THREE TOPICAL TALKING POINTS: Stalled But Not Derailed


*US growth in laser focus this week
*Phase One set to ink bottom line
*Middle East risk premiums clearly in retreat



Non-farm Payrolls

Slightly under the mark, US December job growth printed 145k against consensus of 160k, while average hourly earnings registered a meagre improvement of 0.1% and unemployment fell unchanged from November at 3.5%. The overall effect saw equity markets dented by Friday close with major US benchmark S&P 500 down over 200pts alongside a broader sell-off in equities, and Gold back up to US$1,560.
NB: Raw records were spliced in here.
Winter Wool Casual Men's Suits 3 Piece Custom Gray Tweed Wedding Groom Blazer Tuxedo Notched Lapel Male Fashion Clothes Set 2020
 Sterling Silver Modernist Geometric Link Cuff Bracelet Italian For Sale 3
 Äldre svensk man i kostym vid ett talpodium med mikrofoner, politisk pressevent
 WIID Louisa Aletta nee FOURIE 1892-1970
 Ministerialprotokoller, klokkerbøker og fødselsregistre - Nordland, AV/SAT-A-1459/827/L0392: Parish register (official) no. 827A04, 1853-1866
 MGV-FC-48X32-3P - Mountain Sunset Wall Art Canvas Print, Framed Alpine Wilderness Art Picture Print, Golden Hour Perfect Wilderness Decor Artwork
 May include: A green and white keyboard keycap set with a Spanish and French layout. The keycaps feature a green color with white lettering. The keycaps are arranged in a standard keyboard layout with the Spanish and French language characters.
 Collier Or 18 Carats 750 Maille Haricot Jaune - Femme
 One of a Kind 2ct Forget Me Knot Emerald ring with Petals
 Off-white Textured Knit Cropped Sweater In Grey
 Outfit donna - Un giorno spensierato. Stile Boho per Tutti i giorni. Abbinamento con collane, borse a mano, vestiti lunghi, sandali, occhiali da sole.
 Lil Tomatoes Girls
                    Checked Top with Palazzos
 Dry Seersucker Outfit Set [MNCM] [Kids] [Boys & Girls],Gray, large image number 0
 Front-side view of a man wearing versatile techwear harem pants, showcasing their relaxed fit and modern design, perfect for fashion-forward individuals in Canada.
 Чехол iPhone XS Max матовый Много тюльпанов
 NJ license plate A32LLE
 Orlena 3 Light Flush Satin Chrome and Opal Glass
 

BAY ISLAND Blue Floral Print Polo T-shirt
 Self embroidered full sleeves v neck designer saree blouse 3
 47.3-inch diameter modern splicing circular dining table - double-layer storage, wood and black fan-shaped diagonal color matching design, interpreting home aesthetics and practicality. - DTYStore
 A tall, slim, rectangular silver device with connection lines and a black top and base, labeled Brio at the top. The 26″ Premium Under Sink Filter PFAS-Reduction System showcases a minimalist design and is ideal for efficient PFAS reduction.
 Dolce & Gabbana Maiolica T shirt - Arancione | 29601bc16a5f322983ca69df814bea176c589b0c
However, despite the disappointing result, we think it does little to derail the story of US exceptionalism or stem flows associated with long USD trades over the course of 2020. With US reporting season starting on Jan 14 and US retail sales due out on Thursday, we see upside risks to the week on a string of better corporate results and improved earnings growth. 
 

US-China trade

Market expectations have clearly priced in a smooth and orderly signing of Phase One come January 15 on Wednesday, with reports suggesting Vice Premier Liu is already on his way to Washington. There appears to be little room for deviation from the expected result as phase one represents a small hurdle in the overall scheme of things, but stranger things have happened. Instead, we think the mammoth task ahead for both parties - and significant tail risk for global sentiment - will again be working through a Phase Two agreement - something Trump has indicated might not complete until after elections.
 

Geopolitical risk premiums

I'm surprised how quickly US-Iran premiums have been priced out of risk assets, as evidenced by last week's equities brush of all-time highs and anti-risk USDJPY's return to above 109 levels. This is not to say that Middle East tensions have dissipated or will become irrelevant for the rest of 2020, but rather, traders are likely to remain only highly responsive to sufficient developments that indicate severe military escalation by either side. For portfolios, we favour instituting short-term longs across major JPY crosses as Japanese Yen continues to edge lower from the retreat of risk-off bias.